I'm part of the way there, as a calculated measure based on this will provide me with the average only if there are enough observations for the date range:
IIF([Measures].[OBSERVATIONS]>=100,[Measures].[AVERAGE],"^^")
Now, I need to add the criteria of no months with zero observations.
I have attempted to use COUNT(), but in this form it ignores the date range set in the pivottable and returns a count of all of the months there is any value for the project, including zeros.
COUNT(([Calendar].[Calendar].[Month],[Measures].[OBSERVATIONS]),EXCLUDEEMPTY)
I tried determining the lowest number of observations in a month using this expression, but again it ignores the date range, and does not reflect empty cells:
MIN([Calendar].[Calendar].[Month],[Measures].[OBSERVATIONS])
I think CurrentMember is what I need to include, but I can't get it to work for me.
Assuming it's relevant, and I'm not sure the best way to explain the calendar hierarchy, so this reflects what I have:
The first calendar listing is the one used to filter the pivot table data, and it is also pulled into the mdx expressions above.
EDIT:
Thanks #SouravA for the reply. I tried a few things, and given that formatting in comments is limited, here's a rundown of what I did.
I'm getting an error message that says "Query(1,35) Parser: The syntax for 'WITH' is incorrect"
to make sure I'm using this correctly:
After making the changes below, I pasted the whole thing into the MDX: window from the 'calculated measures' tool in Excel.

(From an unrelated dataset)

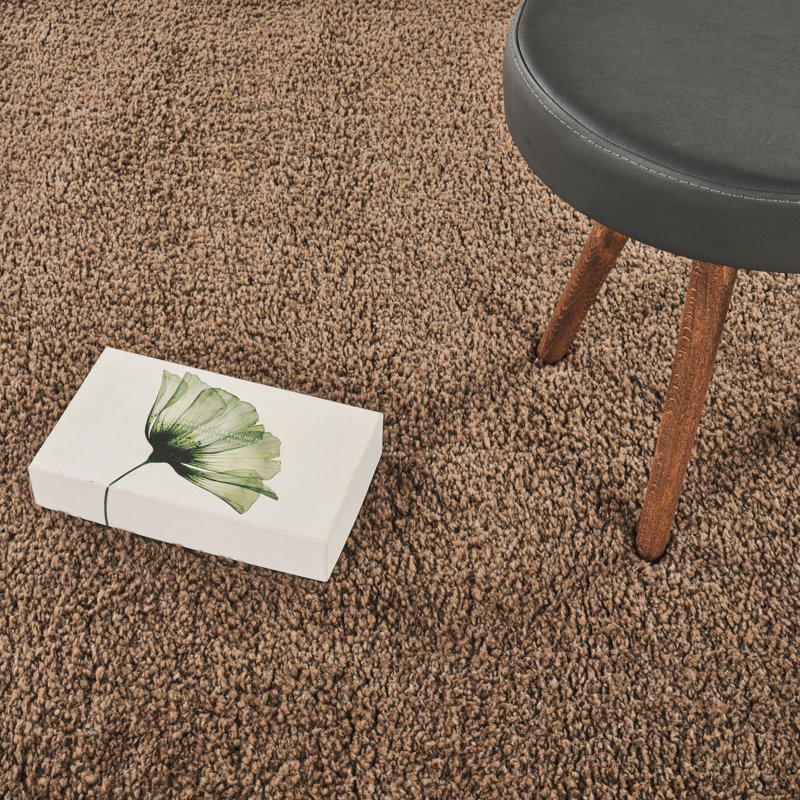 Pure Brown &  Solid Shag Modern Rug, 8'10" x 11'11", Brown/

I of course changed OBSERVATIONS and AVERAGE to the variable names in my cube.
I changed '[Project].[ProjectCode]' to '[Project].[ProjectName]', which is how my cube is set up.
On '[NewMeasure]' I changed it to the name I am using for the calculated measure.

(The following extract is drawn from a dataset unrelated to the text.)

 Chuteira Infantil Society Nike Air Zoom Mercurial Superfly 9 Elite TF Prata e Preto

on '[your cube]' I've tried a couple different things; the cube reference I use in the cube formulas in excel looks like this: 'Cubename NormativeCube', so I tried pasting that in the brackets with and without quotes, leaving the NormativeCube part off, and doing all that without the brackets.

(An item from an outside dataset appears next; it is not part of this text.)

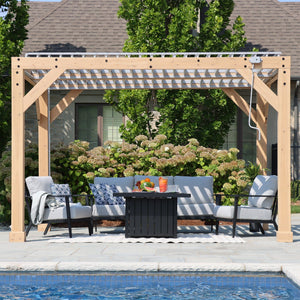 Yardistry 10 x 12 Meridian Cedar Room with Louvered Roof Pergola Yardistry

I also modified the last line after 'WHERE' to reflect date ranges like this:
'[Calendar].[Calendar].[Month].&1&[2015]:[Calendar].[Calendar].[Month].&[12]&[2015]'
I've also set that as '[Calendar].[Month].[Month].&1:[Calendar].[Month].[Month].&[12]'
Also, one more question; will this work for any date range, or is it intended to be specified in the MDX? I need it to function based on the date range set by the cube filters.
EDIT 2:
I just needed to tweak this a tad by changing the '> 0' to '= 0', as the original solution only showed the average for those that did not have data for each month in the date range, and adjust one of the calendar set expressions or whatever.
IIF
(
[Measures].[OBSERVATIONS]>=100
AND
COUNT
(
FILTER
(
EXISTS
(
[Calendar].[Calendar].[Month].MEMBERS
,EXISTING [Calendar].[Calendar].[Month].MEMBERS
)
,[Measures].[OBSERVATIONS] = 0
)
) = 0
,[Measures].[AVERAGE]
,"^^"
)
EDIT 3:
Found a limitation;
the measure only works if the date range defined for the cube is in a whole increment of the calendar hierarchy; i.e. a single month, a single quarter, or a single year. doing 2 months, 2 quarters, 2 years, or breaking across 2 quarters or years will return the False outcome from the IIF() expression.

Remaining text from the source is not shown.